RECORDS SHOWN:
◆ ◆ ◆ ◆ ◆ ◆ ◆

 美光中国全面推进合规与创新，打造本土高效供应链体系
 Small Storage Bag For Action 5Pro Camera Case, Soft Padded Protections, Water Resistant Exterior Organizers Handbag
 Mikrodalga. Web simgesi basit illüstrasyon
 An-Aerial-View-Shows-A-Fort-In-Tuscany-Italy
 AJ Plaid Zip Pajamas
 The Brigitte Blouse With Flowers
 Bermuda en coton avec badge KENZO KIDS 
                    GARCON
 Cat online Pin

◆ ◆ ◆ ◆ ◆ ◆ ◆

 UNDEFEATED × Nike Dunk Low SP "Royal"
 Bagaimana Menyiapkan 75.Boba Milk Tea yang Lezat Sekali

◆ ◆ ◆ ◆ ◆ ◆ ◆

EXERCISE:
From the records above, quote only the lines running from the line with "美光中国全面推进合规与创新，打造本土高效供应链体系" to the line with "Cat online Pin", both lines included.

FINISHED TASK:
 美光中国全面推进合规与创新，打造本土高效供应链体系
 Small Storage Bag For Action 5Pro Camera Case, Soft Padded Protections, Water Resistant Exterior Organizers Handbag
 Mikrodalga. Web simgesi basit illüstrasyon
 An-Aerial-View-Shows-A-Fort-In-Tuscany-Italy
 AJ Plaid Zip Pajamas
 The Brigitte Blouse With Flowers
 Bermuda en coton avec badge KENZO KIDS 
                    GARCON
 Cat online Pin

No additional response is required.